What has been the most surprising reaction you’ve gotten?
I think the thing I was the most shocked at was how shocked people were. There were funny stories on the Internet like, “This just in: Radio Shack is recalling all their gaydar devices.” I sort of thought people knew — like I say, I wasn’t in the closet. I’ve been out to my friends and family and coworkers for years; I just didn’t talk about it on the radio. It is interesting how there’s such a presumption of heterosexuality when you look a certain way. We talked this morning about the subsets of letters — I was touched by all the straight people who wrote in and said they cried all the way through the show, not just gay people, but I guess there is something in what they say, like, “walking in your truth.” One letter-writer said, “Can we stop with this Oprah ‘walking your truth’ shit and get back to the fart jokes?” The biggest subsets of letters: men who are disappointed who are used to holding my picture and with one hand; straight women that said, “Yay. more men for me.” Straight elderly single unmarried losers who thought I was their role model and were disappointed that it’s because I’m gay. A lot of grateful gay people, but an interesting subset of gay people who said, “Thank you, but there’s part of me that’s a little sad because we lost a great straight cheerleader.” Again, maybe they had the same thought I had, what if I lose my platform because I’m talking about who I am personally? But in the end, it’s what everybody says it is; it’s remarkably empowering and freeing,
I take it your mooks are cool with this?
They’re my good friends. We’ve been close friends for many, many years. As they said, there’s just more things to make fun of me for.

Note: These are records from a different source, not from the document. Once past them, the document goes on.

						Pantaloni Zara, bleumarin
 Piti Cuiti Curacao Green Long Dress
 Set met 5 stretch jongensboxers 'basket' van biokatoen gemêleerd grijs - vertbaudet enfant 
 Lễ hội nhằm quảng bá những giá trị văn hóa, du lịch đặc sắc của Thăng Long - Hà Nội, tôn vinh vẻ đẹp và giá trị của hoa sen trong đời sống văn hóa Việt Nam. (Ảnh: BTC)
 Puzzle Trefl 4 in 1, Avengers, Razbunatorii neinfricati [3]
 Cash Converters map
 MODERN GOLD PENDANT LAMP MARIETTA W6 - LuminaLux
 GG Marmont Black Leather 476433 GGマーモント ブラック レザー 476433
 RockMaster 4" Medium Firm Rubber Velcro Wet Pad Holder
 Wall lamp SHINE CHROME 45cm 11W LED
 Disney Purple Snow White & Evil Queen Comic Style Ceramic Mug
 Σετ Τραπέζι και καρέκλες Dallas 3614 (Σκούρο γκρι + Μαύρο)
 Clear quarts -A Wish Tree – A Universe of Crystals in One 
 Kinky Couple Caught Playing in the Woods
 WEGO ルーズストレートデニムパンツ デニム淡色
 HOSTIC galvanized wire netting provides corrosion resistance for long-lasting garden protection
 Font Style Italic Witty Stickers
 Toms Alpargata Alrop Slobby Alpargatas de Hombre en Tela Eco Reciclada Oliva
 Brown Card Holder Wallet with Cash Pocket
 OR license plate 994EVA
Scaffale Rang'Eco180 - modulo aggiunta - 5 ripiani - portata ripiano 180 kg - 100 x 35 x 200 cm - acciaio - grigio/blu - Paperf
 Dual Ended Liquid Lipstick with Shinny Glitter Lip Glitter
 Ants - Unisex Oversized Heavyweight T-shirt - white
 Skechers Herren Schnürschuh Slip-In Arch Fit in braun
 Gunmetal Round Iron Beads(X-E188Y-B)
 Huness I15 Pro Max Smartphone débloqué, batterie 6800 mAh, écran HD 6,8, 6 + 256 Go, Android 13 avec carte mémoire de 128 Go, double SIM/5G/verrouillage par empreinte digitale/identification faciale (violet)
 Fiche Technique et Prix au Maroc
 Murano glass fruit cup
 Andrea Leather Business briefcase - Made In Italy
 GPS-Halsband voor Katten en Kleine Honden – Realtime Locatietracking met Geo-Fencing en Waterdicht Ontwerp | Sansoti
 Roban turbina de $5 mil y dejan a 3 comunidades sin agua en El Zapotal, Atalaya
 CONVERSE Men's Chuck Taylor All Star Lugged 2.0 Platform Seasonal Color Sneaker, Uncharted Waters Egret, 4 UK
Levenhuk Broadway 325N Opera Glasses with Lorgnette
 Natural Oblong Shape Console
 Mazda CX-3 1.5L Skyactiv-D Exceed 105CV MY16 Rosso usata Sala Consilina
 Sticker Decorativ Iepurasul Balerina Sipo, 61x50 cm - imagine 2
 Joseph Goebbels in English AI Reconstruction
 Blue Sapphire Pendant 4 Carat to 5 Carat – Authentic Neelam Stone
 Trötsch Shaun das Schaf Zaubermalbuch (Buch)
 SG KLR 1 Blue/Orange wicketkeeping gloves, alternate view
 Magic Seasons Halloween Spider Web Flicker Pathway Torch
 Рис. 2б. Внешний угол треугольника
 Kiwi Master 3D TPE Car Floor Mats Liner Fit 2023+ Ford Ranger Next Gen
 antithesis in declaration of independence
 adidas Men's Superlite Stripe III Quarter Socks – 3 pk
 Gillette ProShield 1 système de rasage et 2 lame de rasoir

How about your Republican family?
That was also the lesson I wanted to try to impart with my story. Way back when, I spent so much time worrying about if they’d judge me that I judged them. And they could not have all been more supporting and loving. From the listeners, the letter I got the most, they said, thank you so much for trusting us with your truth, and I realized I was doing the same thing to my listeners that I was to my family for all those years. My 87-year-old Republican mom, I called to leave her a message, to give her a heads up, I said, “Hey, mom, if you want to come on the air, it’s OK.” When I finally got her it was after the show and she had actually written a prepared statement and was reading it — I said, “Mom, we’re not on the radio, that’s OK. Mom, it’s just me, we’re not on their air.” But she was prepared for me.